Pros: Fascinating concepts; does a great job of exploring all the potential ethical problems inherent in messing with genetics
Cons: A bit scattered; too many sub-stories; interconnections were a bit too convenient; some will want to skip over the dry articles
Rating: 3 out of 5
For some reason I’m a sucker for medical thrillers. In particular, ones that deal with the worldwide repercussions of outbreaks, nanotech gone awry, genetic experimentation gone wild, etc. Unfortunately, it isn’t as though there’s a convenient sub-category on the bookshelves of Borders for these, or a particular keyword on Amazon, so I often have trouble finding them. I expressed this frustration to some friends, and one of them was kind enough to loan me Michael Crichton’s Next.

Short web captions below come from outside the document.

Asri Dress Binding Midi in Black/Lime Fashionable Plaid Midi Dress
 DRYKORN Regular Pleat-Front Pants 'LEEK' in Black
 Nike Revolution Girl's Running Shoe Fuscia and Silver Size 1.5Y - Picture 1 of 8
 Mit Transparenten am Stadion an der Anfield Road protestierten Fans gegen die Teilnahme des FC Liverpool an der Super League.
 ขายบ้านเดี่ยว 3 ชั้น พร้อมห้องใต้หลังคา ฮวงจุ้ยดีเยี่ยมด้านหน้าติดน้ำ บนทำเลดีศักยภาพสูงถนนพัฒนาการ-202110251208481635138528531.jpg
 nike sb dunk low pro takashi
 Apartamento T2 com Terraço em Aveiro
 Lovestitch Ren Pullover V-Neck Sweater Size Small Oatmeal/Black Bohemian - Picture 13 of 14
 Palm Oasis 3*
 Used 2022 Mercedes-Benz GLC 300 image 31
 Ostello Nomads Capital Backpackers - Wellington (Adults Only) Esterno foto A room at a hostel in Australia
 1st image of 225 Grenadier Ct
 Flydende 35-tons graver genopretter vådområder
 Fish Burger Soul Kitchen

As is usually the case with Crichton novels, I definitely enjoyed the experience (and the plots themselves), but the book certainly wasn’t perfect. However, when the genre is so limited, beggars can’t afford to be choosers!
Next follows a great many interconnected storylines, each of which delves into a different aspect of the ethical issues that could arise from genetic experimentation. One company insists it owns the rights to a man’s cells, even though he only participated in a research study and never agreed to any commercial use of his cells. When he drops out of sight to keep the company from insisting on taking more of his cells, they assert that since similar cells are present in the man’s descendants, they have the rights to those as well. And they’ll stop at almost nothing to get them.
A young researcher accidentally takes a virus sample from the lab when he has to go get his brother out of jail. His brother, a druggie, takes what he thinks is a drug as soon as the researcher’s back is turned. At first the results seem like a good thing, but soon the researcher’s mother has pushed him into offering the drug to others, and then the side effects become apparent…
These are just two of many plots in Next that touch on modern-day issues of practicality, morality, and ethics in relation to genetics. Unfortunately, while it’s fascinating to see the wide variety of issues addressed, they’re shoehorned into the framework of one novel. I’d dare say, in fact, that this isn’t really a novel at all. It’s an interconnected series of stories. There are so many different people and plots going on that I could hardly remember which was which from chapter to chapter. The coincidental ways in which a number of them intersected with each other also beggared belief. The result felt chaotic and confusing. Instead, I’d have loved to see these separated out and presented as an anthology of stories—I think the result would have been much more coherent and easy to follow.
That said, the characters and plots are interesting and have a decent amount of depth to them. The concepts are fascinating. Crichton does a great job of exploring an extremely wide variety of issues within the pages of one book. If, like me, you’re hankering for one of those few decent biotech thrillers out there, I think Next will at least hold you for a while.